- From: Juan Sequeda <juanfederico@gmail.com>
- Date: Mon, 22 Mar 2010 23:24:19 -0500
- To: Richard Cyganiak <richard@cyganiak.de>
- Cc: Souripriya Das <souripriya.das@oracle.com>, Public-Rdb2rdf-Wg <public-rdb2rdf-wg@w3.org>
- Message-ID: <f914914c1003222124s40331d82of379423954d24772@mail.gmail.com>
Richard, > > 1. Why the SQL query based approach is nice > ------------------------------------------- > > First, I definitely see the attraction of the SQL query based approach. I > understand this approach as: leveraging the expressivity of SQL to do as > much of the mapping/transformation as possible, with some simple glue around > it that essentially turns each SQL result record into a few triples > according to some simple rules. > > It's attractive because the approach leverages existing SQL knowledge of > mapping authors; it maximises expressivity; it means we don't have to > specify a large chunk of the problem ourselves; it produces syntactically > compact mappings. So, purely from an authoring point of view it is > definitely a nicer approach than any of the proposed alternatives (D2RQ, > Virtuoso RDF views, R2O etc). > > In order to run SPARQL queries against such a mapped database, one would > use the “triple view” approach, as detailed in Juan's work. So the > SPARQL-to-SQL engine would create a single view in the DB which consists of > lots of unions and in the end contains one row for each mapped triple, with > subject, predicate and object.

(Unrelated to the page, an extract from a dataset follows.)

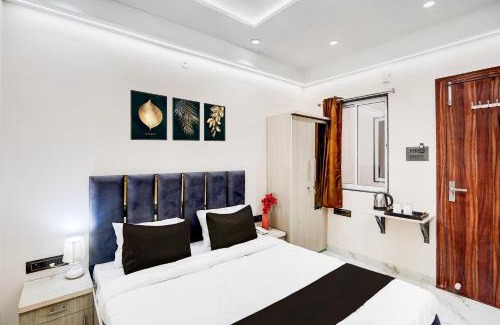 Indore Hotel | Super Collection O Ganeshpuri Indore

How to run SPARQL queries against such a > relational structure is well-known from prior work on database-backed triple > stores. The result is a humongous SQL query over a humongous view > definition, but as Juan has shown, good SQL optimizers can simplify this > into a reasonable query plan. > You don't have to use a triple view approach. Our inspiration of the triple view was from the naive triple table approach that initial rdbms backed triple stores used. It was an experiment to see how the sql optimizer would work.. and it turned out pretty neat. So Yes, we great a humongous view definition. But No, this is not THE way to go. Our work shows what can be done with very little effort (hoping to persuade that this is useful and it isn't going to cost basically anything) The same way we create a humongous sql triple view definition, you could create several views a la triplify or oracle proposal. The advantage (IMO) of our triple view approach is that the sparql to sql translation is straightforward and we let all the hard stuff to the optimizer (hence it needs to be a good optimizer). My guess is that if you to follow another approach, the sparql to sql translation may be a bit more complicated (and may not depend on the sql optimizer). However, this shouldn't be part of the WG.